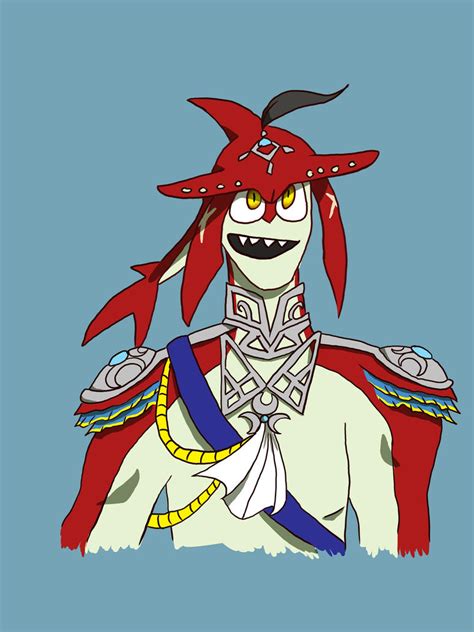 Sidon Breath Of The Wild by Andreafish on DeviantArt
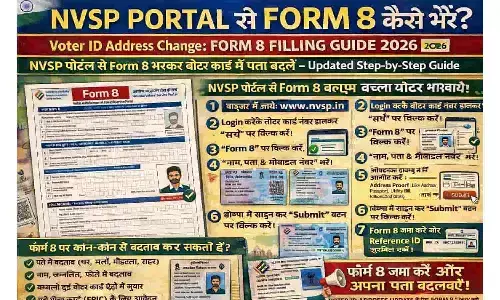 NVSP Portal से Form 8 कैसे भरें? | Voter ID Address Change: Form 8 Filling Guide 2026 NVSP Portal से Form 8 कैसे भरें? | Voter ID Address Change: Form 8 Filling Guide 2026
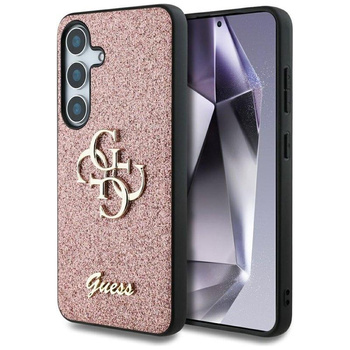 Guess Fixed Glitter Big 4G Metal Logo - Case for Samsung Galaxy S25+ (pink)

**Task requirements**.
Retype the data above in full, exactly as it stands, and skip any image.

**Task solution**.
 Sidon Breath Of The Wild by Andreafish on DeviantArt
 NVSP Portal से Form 8 कैसे भरें? | Voter ID Address Change: Form 8 Filling Guide 2026 NVSP Portal से Form 8 कैसे भरें? | Voter ID Address Change: Form 8 Filling Guide 2026
 Guess Fixed Glitter Big 4G Metal Logo - Case for Samsung Galaxy S25+ (pink)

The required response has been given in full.